コラテッラとは牛よりも小さな小動物(豚、仔羊、鶏など)の内臓を炒めたり煮込んだりしたイタリア中部(ラツィオ、ウンブリア、マルケ州など)の伝統料理、とくにローマの下町地区のものがよく知られています。
ワインは赤も白も合いますよ、ローマっ子の地元産の土着品種チェサネーゼ、白なら庶民の超定番フラスカーティはいかがですか。
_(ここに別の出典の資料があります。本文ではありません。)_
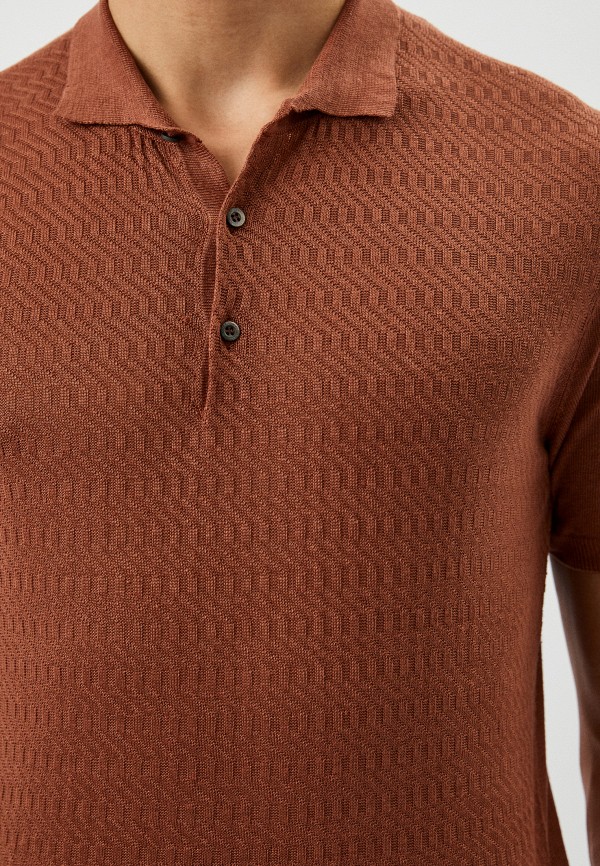 Джемпер Corneliani Джемпер Corneliani фото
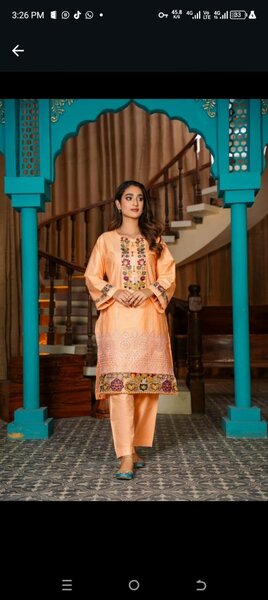 Eid collection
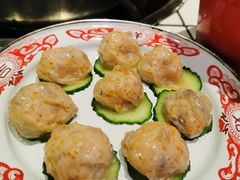 -九街淑芬掌中宝串串公司(两路金港国际店)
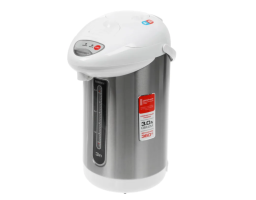 CENTEK CT-0080 WHITE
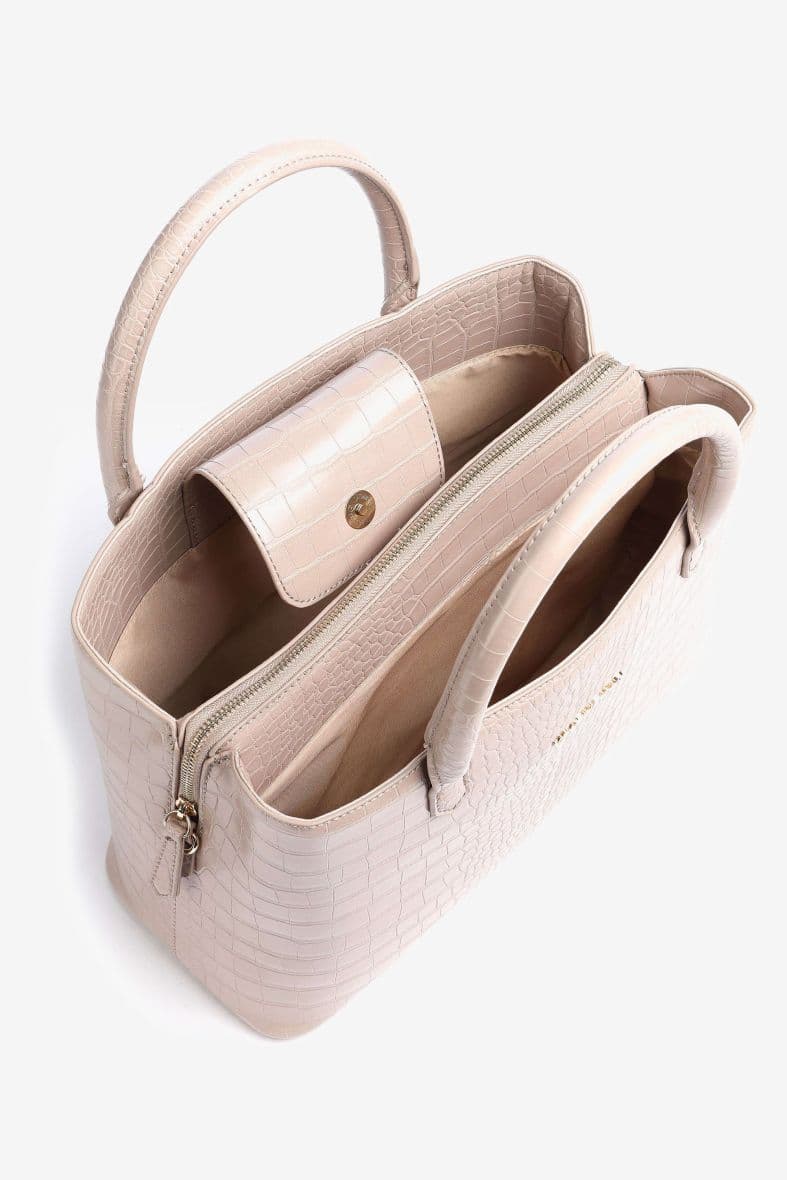 Valentino Bags — vue 4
Ingredienti (per 2 persone)

豚の胃袋(ガツ)300g
にんにく1片
玉ねぎ1/2個
にんじん1/4本
セロリ1/4本
唐辛子2本
白ワイン1/2カップ
ワインヴィネガー大さじ3
オリーブオイル1/2カップ
ローリエ1枚
プレッツェ-モロ5枝
塩胡椒適量

※分量は一応の目安なので味見しながら作ってください

Preparazione

豚の胃袋(ガツ)は下処理されたものを求めて、一度茹でこぼしてから水で洗ってザルに上げておきます。
にんにくや玉ねぎなどの香味野菜はみじん切りにします。

フライパンに多めのオイルをしいて香味野菜をソフリットします。
もつを加えて炒め、白ワインを注ぎ入れてアルコールを飛ばします。
ヴィネガー、唐辛子、ローリエを加え、もつがひたひたになるまで水を足して軽く塩をし、蓋をして煮込んでいきます。
煮込む時間ですが、短ければガツのこりこりとした食感が味わえるし、長く煮込めばとろとろに軟らかくなるので、お好みで。

塩胡椒で味を整えて、刻んだプレッツェーモロ(イタリアンパセリ)を散らせば出来上がり。